Brett van Zuiden

Time, cost, quality: chose 2

Time, cost, quality - for any project you can specify hard constraints on at most two of these factors; where the third ends up will depend on luck and skill.

This is often referred to as the “Iron Triangle” of project management and is one of the better-known concepts from the field. The premise is straightforward but exceptionally helpful in creating alignment amongst stakeholders:

  • If we commit to a predefined launch date and assign a team of fixed size, we have to be comfortable shipping whatever we end up with. We will of course try as hard as possible to build a great product, but if time and cost are fixed, we may need to cut scope or launch with known bugs. In this case, we’re holding time and cost (team size) constant, and letting quality vary.

  • If we hold a high quality bar and have a fixed-size team, we have to be comfortable taking as long as it takes to meet that bar. We will of course try to move as fast as possible, but in this case we are holding quality and cost constant, and so it may take a long time. Superhuman is a great example of this: it was beta launched in august 2017 and is still not accepting public signups as of this post 2.5 years later - but I hear it’s a great product!

  • If we have a fixed time-frame and a certain quality bar, we have to be willing to pay as much as it takes. In most cases, this means adding more people to the team. It is true that you cannot always throw more people at a project to make it go faster, but that’s only one way to vary cost: you could put more senior people on a project or buy pre-made solutions or components.
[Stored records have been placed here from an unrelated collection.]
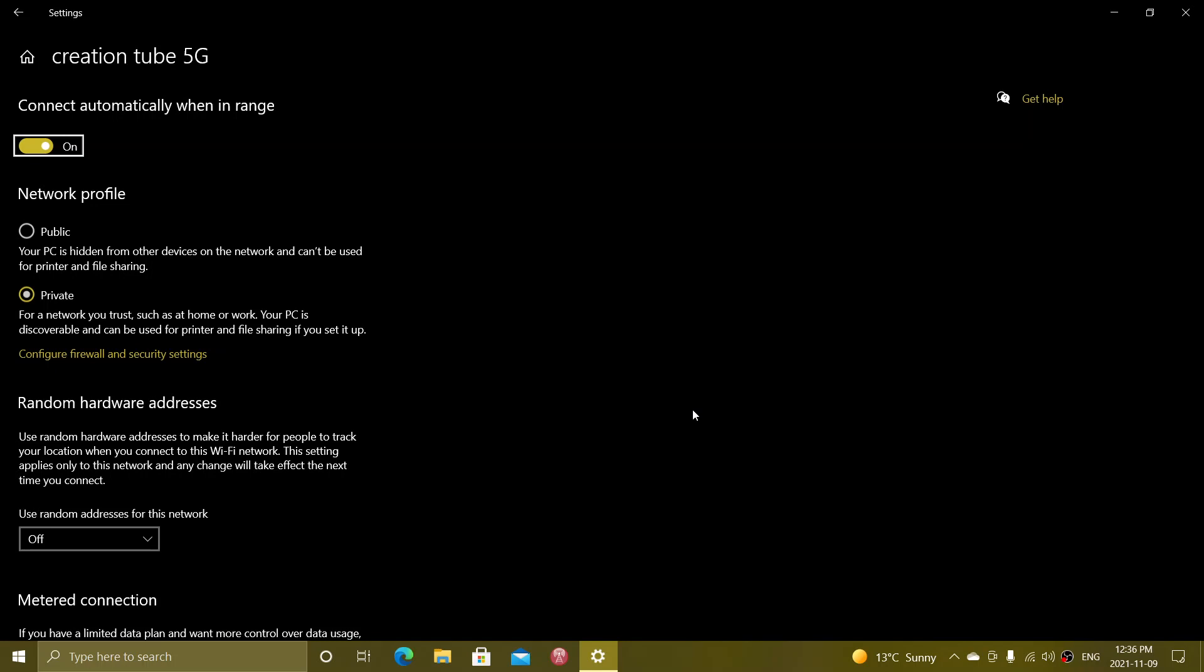So public for most people is fine. You just leave it alone. And if you have a lot of stuff, a lot of PCs and things on your home network at home, then private is where you want to be so that you can actually connect each device with each other.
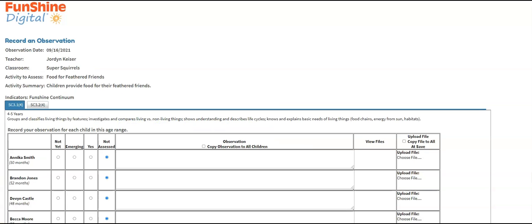This is the observation page. At the top of the page, you see classroom and activity information. Next, you see the indicator tabs with the indicators being assessed. When you click each tab, you can read the details of each indicator below.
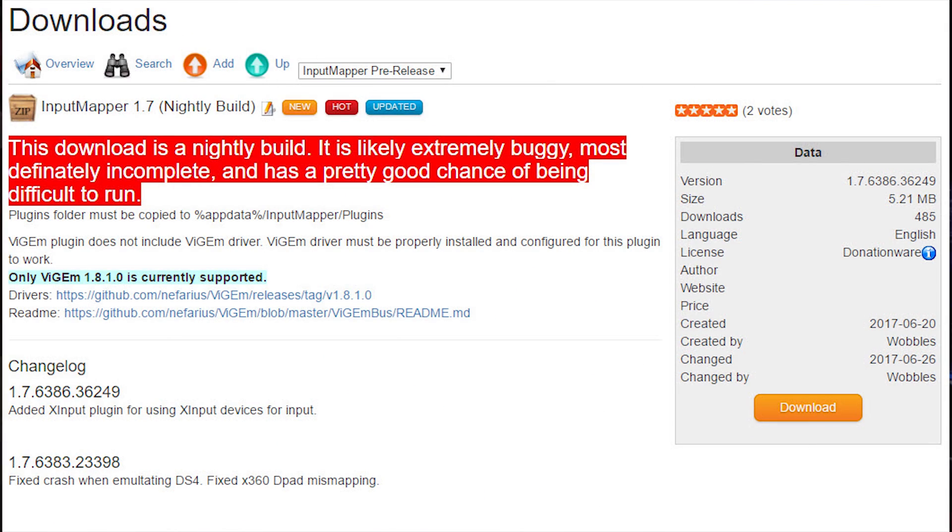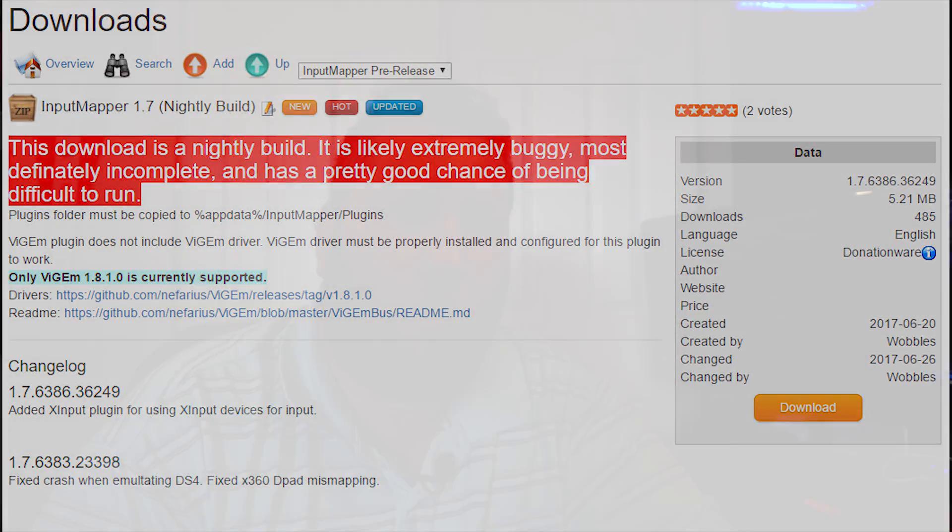Good morning everybody, thanks for stopping by. This week I pushed a new nightly build which includes a new plugin for XInput support, meaning the alpha version of Input Mapper 1.7 can now accept XInput devices such as the 360 controller. Thanks to vGen, it can also map to a DualShock 4, so you can go from a DualShock 4 to a 360 controller or a 360 controller to a DualShock 4. That was pushed last night and it's part of the nightly build.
You could put multiple teams on the same problem in parallel to hedge against unforeseen issues with a particular approach. If you are willing to pay arbitrary amounts of money, you can usually find world-class experts that will produce high-quality work in less time than your current team.

Everyone wants high quality products built quickly at low cost - of course they do! And as a product or project owner you should do everything possible to make that happen. But not everything goes to plan, and by surfacing these tradeoffs early, you can ensure that everyone is aligned on which constraints are the critical, immoveable ones.

Nuances

  • There are variants of this principle that separate “scope” and “quality” but I prefer to consider these as a single constraint - customers consider both features and bugs when assessing whether a product is “good”, and when making tradeoffs you can cut scope and/or cut corners.

  • High-performing teams can produce great quality work faster and with fewer people; that’s why we call them high-performing. There are ways to invest in better practices or train people such that your projects are often completed faster, higher-quality, or cheaper - these are worthwhile investments and should be encouraged. None of this takes away from the fact that on any given project, even the best team in the world cannot guarantee all three of time, cost, and quality - there’s always a chance of unforeseen circumstances. It’s worth discussing in advance what constraint will need to flex to accommodate the other two.

  • It’s worth noting that “time” refers to both building and discovering what to build - if you’re willing to have a team spend a year prototyping and researching a problem, they’ll probably come up with a higher quality product idea than a one hour brainstorming session. You might even save time by investing in discovery: perhaps the team discovers a different solution that takes less time to build, so much so that it more than pays back the time spent uncovering that solution. Balancing exploration and execution is an important skill, but because of the unpredictable nature of exploration, you will eventually have time/cost/quality tradeoffs to make.

  • You don’t need to stick to a certain priority for the entirety of the project - perhaps you start with a fixed launch date and team size (time & cost), but as launch date approaches you realize the quality isn’t quite good enough so you decide to put a few more people on the project to get it over the finish line (time & quality). At any given time, however, you can only pick two.